Saturday, May 22, 2010

How to Reduce Your Auto Loan Interest Rate

How to Reduce Your Auto Loan Interest Rate

Car loan interest rates vary greatly and are based on a number of criteria, including your credit history and rating, down payment, type of vehicle purchased, and whether it is new or used. If your current auto financing arrangement offers unfavorable terms, you may be able to obtain a better rate by refinancing your car loan, with possible savings of hundreds of dollars over the life of your loan.

Instructions

Instructions

    1

    Before seeking new auto financing, pull out your current agreement to review various clauses contained within it. Determine whether there are prepayment penalties and, if so, what it would cost you to pay off the loan early.

    Some lenders simply charge a percentage fee based on the outstanding loan balance. For example, if you owe $7000 on your car loan and the prepayment penalty is 1%, then you would be charged $70 by your financing company. If this amount is more than you would save through refinancing, you may not want to refinance.

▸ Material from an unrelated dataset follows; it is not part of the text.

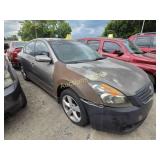 2007 NISSAN ALTIMA Tow# 20260420M0013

    Other loan agreements contain what is called the rule of 78s, under which interest charges are front loaded. With this type of loan arrangement, which is not as common as it once was, your first payments go toward interest only, with subsequent payments designed to reduce the principle. Most states restrict this practice or allow it only on short-term loans.

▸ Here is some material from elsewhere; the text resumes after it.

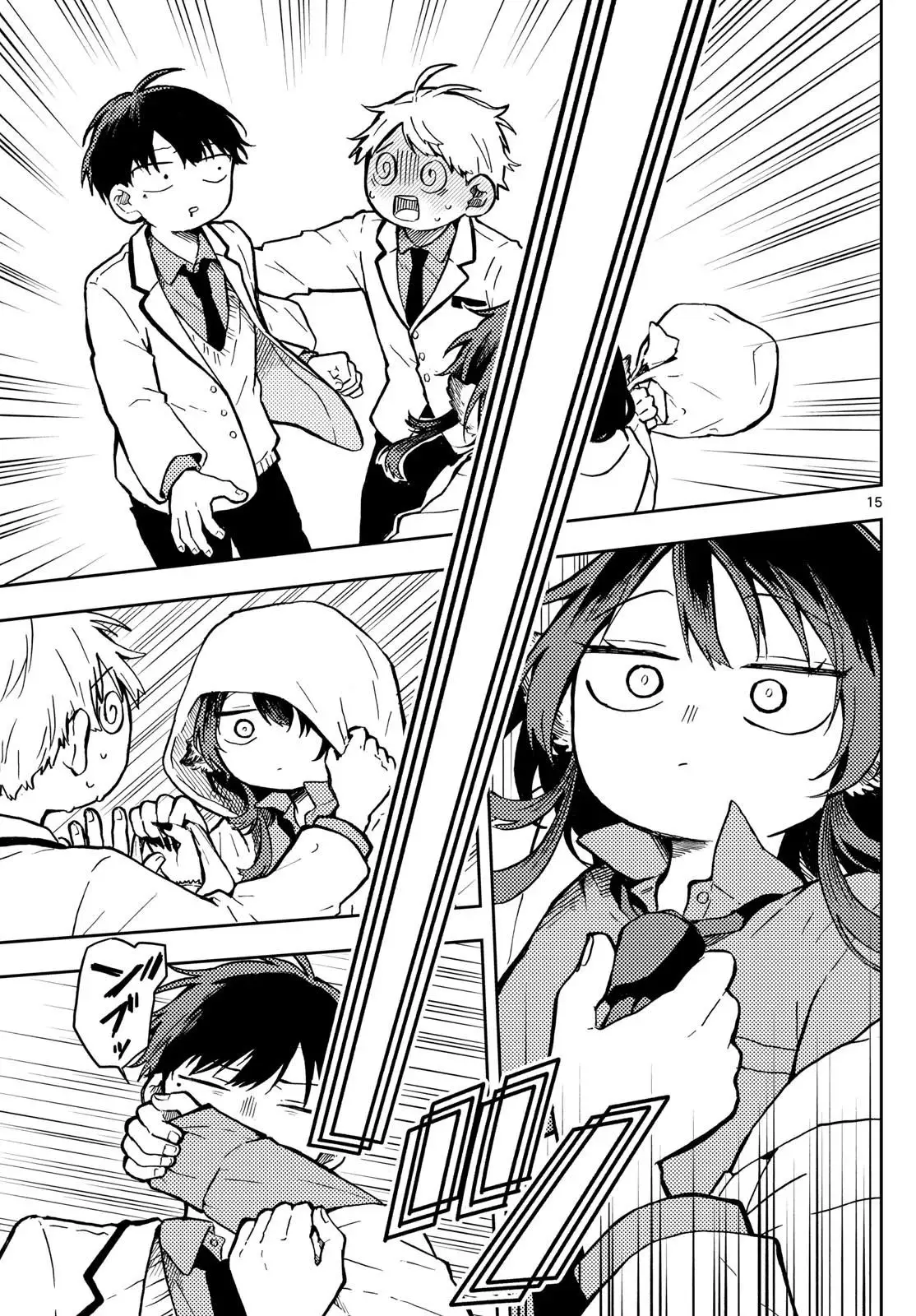 Tsumiki Ogami y la Extraña Vida Cotidiana . (2023) - Capítulo 3 - Página 16 - LectorTMOo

    Finally, some car loans are precomputed and interest and principle payments must be paid, though no prepayment penalty are charged. In effect, when you pay off this type of loan early, you pay the same amount even if the interest charges have yet to accumulate.

    2

    Compare price quotes and offers. Now that you know what prepayment penalties you may face, do not allow that information stop you from pursuing refinancing. It does not cost you to look, but it may cost you dearly if you continue to pay your current lender's high interest rate by ignoring better terms.

    Visit price quote sites such as LendingTree.com to obtain compare auto loan rates. If you bought your car new and have had it only for a few months, you still may be able to get a new car loan rate. Otherwise, plug in the data for your now used car and see what offers are available. Use the onsite comparison calculator to compare loan offers, then use the same calculator to compare the best offer with your current loan. Add in prepayment penalties and fees to get a true picture of your savings.

    3

    Accept the best offer. If you can save money after considering any prepayment penalties or other fees, then consider switching lenders.

    Your new lender may pay off your current car loan itself or issue you a check to you, which you can use to close the previous loan. In any case, send future monthly payments to your new lender and inform your auto insurer of the new lien holder.